Call you bee inspector and see if you can get them to stop by. good luck


----------



## Deuce (Oct 15, 2013)

Well i will definitely build some beetle traps and perhaps something to keep ants away. Both hives were full of ants but that was after i noticed the bees had left. Ill go out this morning and look a little harder at the frames as i didnt notice any beetles (not saying they werent there) as i was more concerned with the huge ants trying to climb up my arm! Rather take a sting from a bee than those guys!


----------



## Deuce (Oct 15, 2013)

Just got back from checking the hives. All others are fine and seem to be healthy. I looked at the hive that left and found my old queen under a pile of dead bees and ants. she was missing her head, wings, and legs.
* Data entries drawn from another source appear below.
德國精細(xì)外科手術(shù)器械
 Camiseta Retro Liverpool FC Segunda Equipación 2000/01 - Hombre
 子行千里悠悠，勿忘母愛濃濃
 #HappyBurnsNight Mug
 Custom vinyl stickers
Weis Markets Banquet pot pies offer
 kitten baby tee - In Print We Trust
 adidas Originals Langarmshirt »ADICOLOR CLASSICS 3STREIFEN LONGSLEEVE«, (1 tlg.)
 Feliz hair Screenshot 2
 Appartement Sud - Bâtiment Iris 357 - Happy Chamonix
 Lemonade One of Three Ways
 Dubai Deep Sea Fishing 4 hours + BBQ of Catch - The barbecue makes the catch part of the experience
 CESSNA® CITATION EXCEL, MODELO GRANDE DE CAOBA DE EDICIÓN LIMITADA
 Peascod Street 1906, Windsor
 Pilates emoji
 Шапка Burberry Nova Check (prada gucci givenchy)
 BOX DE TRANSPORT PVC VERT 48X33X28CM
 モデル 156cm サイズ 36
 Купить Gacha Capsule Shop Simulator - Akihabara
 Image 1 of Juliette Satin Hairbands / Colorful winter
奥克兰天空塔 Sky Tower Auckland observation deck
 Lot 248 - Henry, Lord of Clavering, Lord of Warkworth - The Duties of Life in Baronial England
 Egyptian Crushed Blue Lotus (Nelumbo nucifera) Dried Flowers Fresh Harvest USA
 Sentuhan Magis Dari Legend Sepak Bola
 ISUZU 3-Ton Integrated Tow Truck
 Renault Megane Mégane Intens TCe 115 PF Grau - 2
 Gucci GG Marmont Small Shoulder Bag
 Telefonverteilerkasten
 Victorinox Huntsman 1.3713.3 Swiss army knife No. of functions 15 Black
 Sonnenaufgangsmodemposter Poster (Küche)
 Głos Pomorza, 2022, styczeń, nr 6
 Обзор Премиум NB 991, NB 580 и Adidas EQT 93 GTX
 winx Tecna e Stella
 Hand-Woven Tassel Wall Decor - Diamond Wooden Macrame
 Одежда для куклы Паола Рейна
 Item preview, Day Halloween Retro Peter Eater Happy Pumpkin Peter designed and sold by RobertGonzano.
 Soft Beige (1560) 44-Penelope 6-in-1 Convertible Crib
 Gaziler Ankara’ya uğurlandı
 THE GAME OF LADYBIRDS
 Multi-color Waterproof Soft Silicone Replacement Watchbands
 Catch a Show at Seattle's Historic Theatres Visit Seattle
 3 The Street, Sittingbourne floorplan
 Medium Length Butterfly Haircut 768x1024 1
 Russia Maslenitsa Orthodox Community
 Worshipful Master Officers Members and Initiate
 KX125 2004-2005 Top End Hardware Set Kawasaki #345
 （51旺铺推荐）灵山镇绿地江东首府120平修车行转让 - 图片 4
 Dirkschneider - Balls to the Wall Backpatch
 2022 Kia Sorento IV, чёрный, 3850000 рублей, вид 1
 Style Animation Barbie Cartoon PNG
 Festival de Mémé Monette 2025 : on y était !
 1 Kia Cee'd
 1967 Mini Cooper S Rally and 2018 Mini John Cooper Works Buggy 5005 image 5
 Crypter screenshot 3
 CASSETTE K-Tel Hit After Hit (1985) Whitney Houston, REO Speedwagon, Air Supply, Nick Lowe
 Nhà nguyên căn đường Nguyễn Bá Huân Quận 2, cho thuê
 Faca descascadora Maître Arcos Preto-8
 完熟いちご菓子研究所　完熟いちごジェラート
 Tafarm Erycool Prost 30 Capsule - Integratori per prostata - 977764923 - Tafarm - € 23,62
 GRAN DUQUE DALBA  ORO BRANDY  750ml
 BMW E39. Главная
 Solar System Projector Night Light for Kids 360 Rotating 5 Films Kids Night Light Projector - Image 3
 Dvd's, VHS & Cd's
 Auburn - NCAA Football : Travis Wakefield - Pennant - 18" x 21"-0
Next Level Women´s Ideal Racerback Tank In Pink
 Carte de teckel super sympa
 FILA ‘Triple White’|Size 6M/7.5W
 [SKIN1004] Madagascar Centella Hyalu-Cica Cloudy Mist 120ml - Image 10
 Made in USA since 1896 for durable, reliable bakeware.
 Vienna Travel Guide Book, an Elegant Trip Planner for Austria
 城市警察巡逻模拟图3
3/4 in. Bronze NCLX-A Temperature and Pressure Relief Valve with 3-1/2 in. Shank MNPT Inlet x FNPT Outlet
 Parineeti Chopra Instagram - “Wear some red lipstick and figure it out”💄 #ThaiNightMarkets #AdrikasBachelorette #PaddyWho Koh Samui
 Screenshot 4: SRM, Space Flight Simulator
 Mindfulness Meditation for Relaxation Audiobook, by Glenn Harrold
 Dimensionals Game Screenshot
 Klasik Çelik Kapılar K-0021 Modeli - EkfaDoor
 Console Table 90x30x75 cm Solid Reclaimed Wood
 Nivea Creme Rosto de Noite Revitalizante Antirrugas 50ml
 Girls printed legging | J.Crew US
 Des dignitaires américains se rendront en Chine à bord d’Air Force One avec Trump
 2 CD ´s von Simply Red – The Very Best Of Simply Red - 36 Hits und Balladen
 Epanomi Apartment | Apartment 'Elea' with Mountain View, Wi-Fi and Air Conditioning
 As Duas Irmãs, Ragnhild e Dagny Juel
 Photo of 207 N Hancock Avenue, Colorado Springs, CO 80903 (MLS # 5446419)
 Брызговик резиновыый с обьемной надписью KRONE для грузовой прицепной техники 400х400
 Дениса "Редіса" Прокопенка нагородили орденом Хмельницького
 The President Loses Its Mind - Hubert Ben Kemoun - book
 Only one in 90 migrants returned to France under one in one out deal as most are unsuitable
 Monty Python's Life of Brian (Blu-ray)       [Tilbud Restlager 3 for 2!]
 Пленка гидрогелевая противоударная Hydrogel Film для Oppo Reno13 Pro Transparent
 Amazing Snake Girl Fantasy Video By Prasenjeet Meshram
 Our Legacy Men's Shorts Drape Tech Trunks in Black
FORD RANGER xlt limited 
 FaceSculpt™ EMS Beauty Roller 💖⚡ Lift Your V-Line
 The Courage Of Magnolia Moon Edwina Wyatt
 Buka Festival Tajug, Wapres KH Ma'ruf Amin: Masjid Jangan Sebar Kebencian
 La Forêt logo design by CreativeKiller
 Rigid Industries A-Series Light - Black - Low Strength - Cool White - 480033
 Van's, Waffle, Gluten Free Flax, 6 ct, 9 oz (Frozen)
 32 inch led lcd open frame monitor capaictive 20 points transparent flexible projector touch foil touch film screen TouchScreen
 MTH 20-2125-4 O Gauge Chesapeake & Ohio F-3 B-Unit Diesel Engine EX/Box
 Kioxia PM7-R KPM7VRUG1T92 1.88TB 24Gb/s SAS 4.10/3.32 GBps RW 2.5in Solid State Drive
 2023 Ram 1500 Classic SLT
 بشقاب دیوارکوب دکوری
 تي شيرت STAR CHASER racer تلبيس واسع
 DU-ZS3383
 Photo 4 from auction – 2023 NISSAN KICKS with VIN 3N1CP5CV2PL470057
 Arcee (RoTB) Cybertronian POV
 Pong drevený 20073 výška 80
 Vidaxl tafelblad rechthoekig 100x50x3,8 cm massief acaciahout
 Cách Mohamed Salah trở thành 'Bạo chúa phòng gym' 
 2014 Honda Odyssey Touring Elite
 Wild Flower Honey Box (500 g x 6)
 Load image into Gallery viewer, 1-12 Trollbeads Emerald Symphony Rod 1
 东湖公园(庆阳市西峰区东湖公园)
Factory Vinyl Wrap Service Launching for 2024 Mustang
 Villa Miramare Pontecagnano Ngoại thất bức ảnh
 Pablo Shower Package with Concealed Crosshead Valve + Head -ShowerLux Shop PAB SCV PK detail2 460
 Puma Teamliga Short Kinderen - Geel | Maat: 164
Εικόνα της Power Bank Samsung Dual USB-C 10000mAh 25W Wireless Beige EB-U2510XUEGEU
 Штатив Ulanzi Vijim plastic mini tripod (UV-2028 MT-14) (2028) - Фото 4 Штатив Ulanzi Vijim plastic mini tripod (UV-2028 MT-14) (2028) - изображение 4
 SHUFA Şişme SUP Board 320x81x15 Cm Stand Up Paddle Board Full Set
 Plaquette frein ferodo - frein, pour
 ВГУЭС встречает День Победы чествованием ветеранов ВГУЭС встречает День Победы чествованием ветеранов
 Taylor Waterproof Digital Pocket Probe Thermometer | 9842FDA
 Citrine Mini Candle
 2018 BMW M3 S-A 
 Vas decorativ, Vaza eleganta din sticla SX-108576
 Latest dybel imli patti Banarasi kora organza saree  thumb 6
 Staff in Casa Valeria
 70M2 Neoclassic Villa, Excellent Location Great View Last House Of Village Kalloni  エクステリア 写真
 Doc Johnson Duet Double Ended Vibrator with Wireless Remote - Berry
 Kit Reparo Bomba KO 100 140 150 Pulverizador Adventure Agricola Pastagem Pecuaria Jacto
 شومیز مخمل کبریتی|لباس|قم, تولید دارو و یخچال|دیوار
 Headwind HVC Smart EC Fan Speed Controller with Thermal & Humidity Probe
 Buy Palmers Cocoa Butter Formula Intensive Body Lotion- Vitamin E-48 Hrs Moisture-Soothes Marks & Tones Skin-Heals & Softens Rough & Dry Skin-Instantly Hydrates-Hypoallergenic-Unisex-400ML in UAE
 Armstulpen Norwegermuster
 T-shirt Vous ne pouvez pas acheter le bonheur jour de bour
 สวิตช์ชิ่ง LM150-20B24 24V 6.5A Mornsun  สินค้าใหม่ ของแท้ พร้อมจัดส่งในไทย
I took all remaining frames that had not had comb built on them yet out and found a few beetles hiding under each one on both ends. when i took the bottom board off of the cinder blocks there was a ton of carpenter ants. i kicked the blocks over and noticed they had made a nest under the block. Went over to the first hive that left and kicked over the blocks..found the exact same. I think i found the culprit. I killed both nests and sprayed some old motor oil around the remaining hives. hopefully it will keep the ants from climbing the blocks...


----------



## Saltybee (Feb 9, 2012)

Sounds like you have prime ant real estate as well as bee real estate. I think you are in for a seige not a battle. From what I've read motor oil is short term. Hope you are looking at some earlier ant posts. The fire ant guys have worked on this a lot. Basically a moat plan or a greased umbrella plan.


----------



## jimsteelejr (Sep 21, 2012)

used motor oil is an environmental no no. Your little bit of oil can contaminate hundreds of gallons of water. I am not a big fan of non organic methods but ant bait like amdro or others would be safer. You need to keep your bees from getting to it (put it under a bucket over the ant hill). I would try boiling water. Pour it down the opening in the ant hill then dig out the nest and be ready with more boiling water. Its more work but a lot more environment friendly. We have all of our hives off the ground. This reduces ant and other pests problems.


----------